With the evolution of the times, tea drinking is becoming more and more simplified and diversified. Drinking it with milk, Yakult, lemon, etc., is generally for health reasons.
Matcha made from green tea. After picking the tender leaves, use the steaming technique for fixation (to halt further oxidation of tea leaves). The characteristic of the steaming method is to maximize the preservation of chlorophyll in tea leaves which gives matcha an emerald green colour.
After the steaming process, the tea leaves pass through a low-temperature drying method and grinding. Tea trees are adopting the shade-grown cultivation method, which increases the amino acids in tea. Produced matcha has an emerald green colour, a fine powder. The taste is slightly bitter but not astringent, and the aroma is more delicious.
The selection of tea tree varieties has strict criteria. Tencha is extracted from a variety of plants high in protein, amino acids, chlorophyll, and low in caffeine. It makes matcha less astringent and less bitter, as well as adds a hint of sweetness. The shading of the tea leaf for up to 21 days before the spring harvest increases the chlorophyll in the leaf. Only 5 to 6 of the young leaves are picked. Everything is done to solidify the foundation for the colour, aroma and taste of matcha. The use of Japanese HTST flow-type autoclaving equipment effectively inhibits the deterioration of the quality of milled tea due to rapid heating during processing, such as discolouration and spoilage.
NUTRITIONAL BENEFITS OF MATCHA
Matcha has more than 10 times more antioxidants than regular green tea.

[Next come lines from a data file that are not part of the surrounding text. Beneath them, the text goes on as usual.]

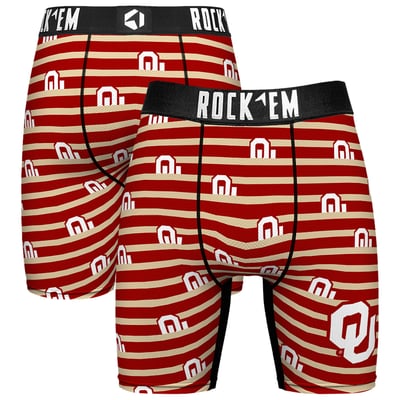  Oklahoma Sooners Rock Em Mascot Stripes Boxer Briefs - Crimson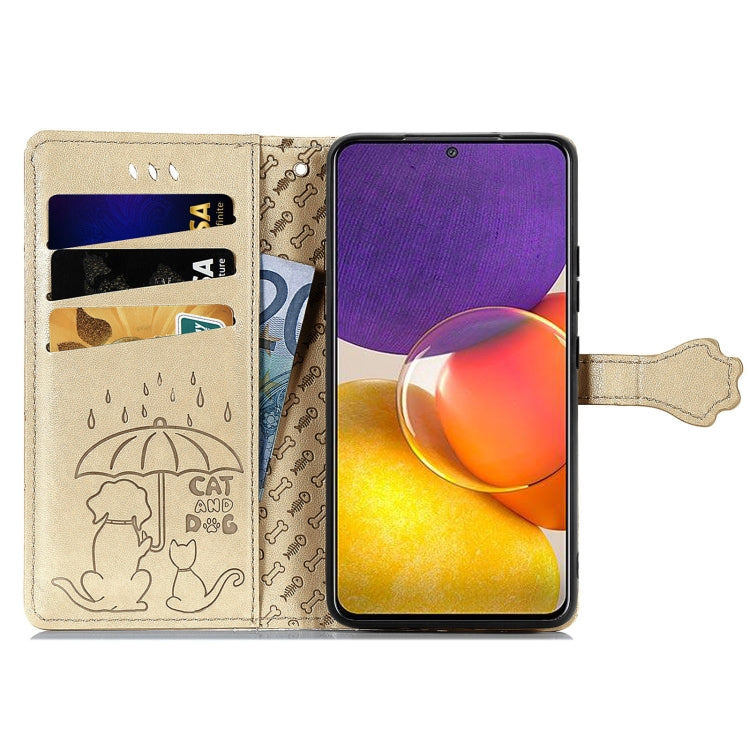 For Galaxy  A82 5G Cute Cat and Dog Embossed Horizontal Flip Leather Case with Holder & Card Slots & Wallet & Lanyard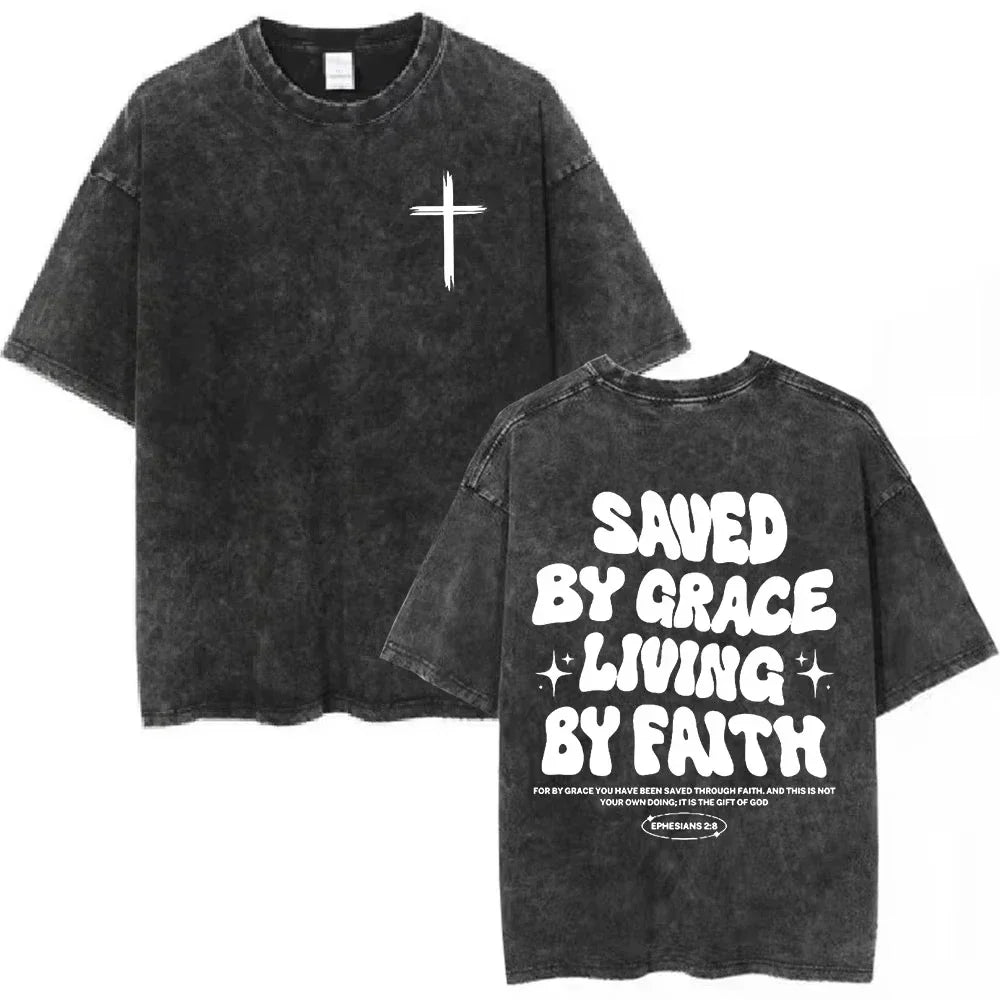 Salvation Jesus Paid It All Vintage Washed T Shirts Christian Bible Verse T-shirts Men Women Fashion Oversized Cotton Tshirts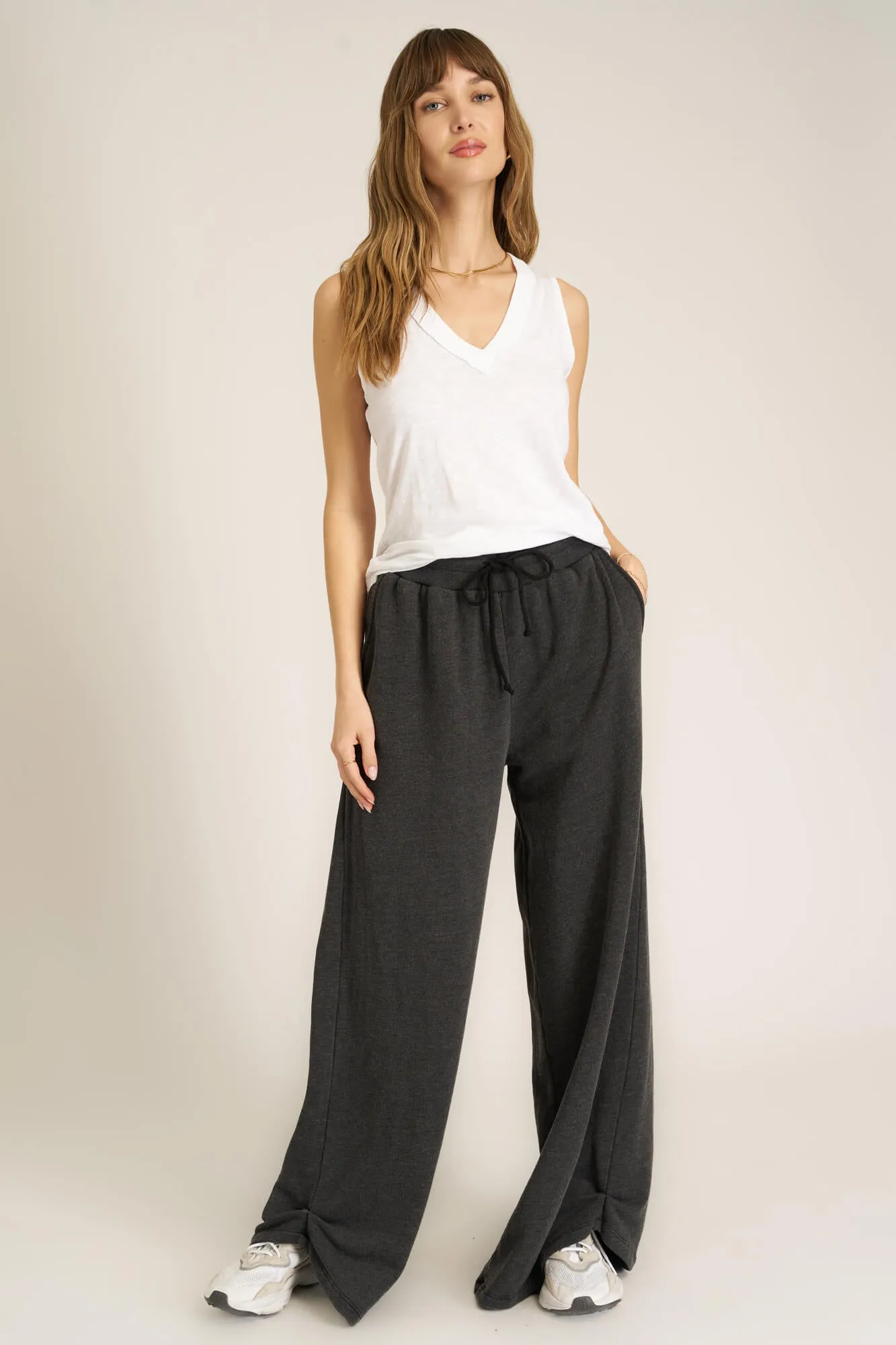 Let Me Know Relaxed Slub V Neck Tank - White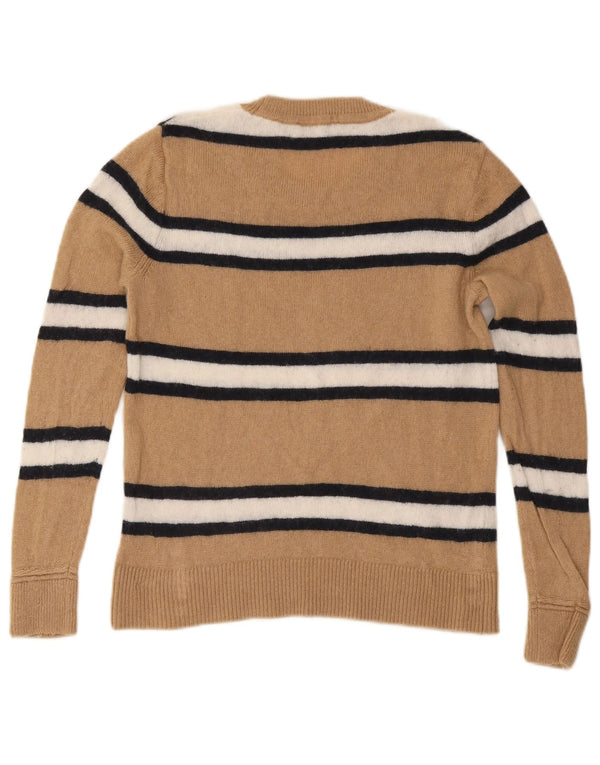 TOMMY HILFIGER Pull à col rond pour femme UK 12 Rayé beige moyen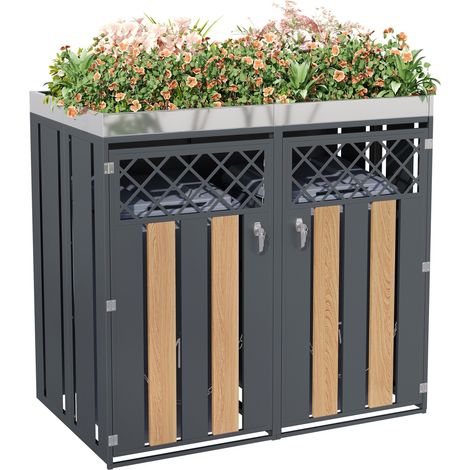 Abri poubelles double avec bac à plantes, portes verrouillables, aérations losange et structure en acier galvanisé gris et aspect bois, pour jardin - CHICFURN (1/5)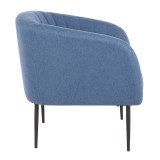 LumiSource Renee Accent Chair - BLUE FABRIC - Side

The health benefits of matcha exceed those of green tea because when you drink matcha you are consuming the whole leaf, not just the tea liquor.
One cup of matcha equals the nutritional value and antioxidant content of 10 cups of green tea. For maximum nutritional benefits, matcha is unbeatable.
• Rich in antioxidants and chlorophyll. Strengthens the immune system, also fights UV radiation, keeps the heart healthy and reduces the chance of fatal diseases.
• Catechins found only in green tea. Amino acids with catechins are the main metabolic boosters of matcha, maximizing weight loss.
• Glycemic index zero. Does not raise insulin levels.
• No sugar, high fiber. Can detoxification beauty. By eating after, people can accelerate intestinal peristalsis to rid their bodies of toxins. Additionally, matcha contains a variety of nutritional benefits for human skin, such as accelerating skin metabolism. This is why regular consumption of matcha can provide a helpful detoxification beauty effect.
• Matcha contains flavonoids that soften blood vessels and also speed up blood flow. In addition, it removes cholesterol from the blood, which can bring down excessive blood pressure and blood fats.
• Helps to slim down, maintain good health, lower blood sugar, high blood pressure and cholesterol.
P/s: Japan has one of the longest life spans per capita in the world, and it is rumoured that this may be related to their extensive tea consumption.
BASIC BREWING METHOD
1. Take out half a teaspoon of matcha powder and put it into a 250ml glass cup
2. Add warm water and stir well. Ready to drink.
3. You can choose to drink it hot or cold.
We use double-layer packaging. The outside layer of paper cans is to prevent direct light from reaching the tea. The glass jar inside functions as a vacuum primarily to prevent light and air from oxidizing the matcha tea and affecting its freshness and nutritional value.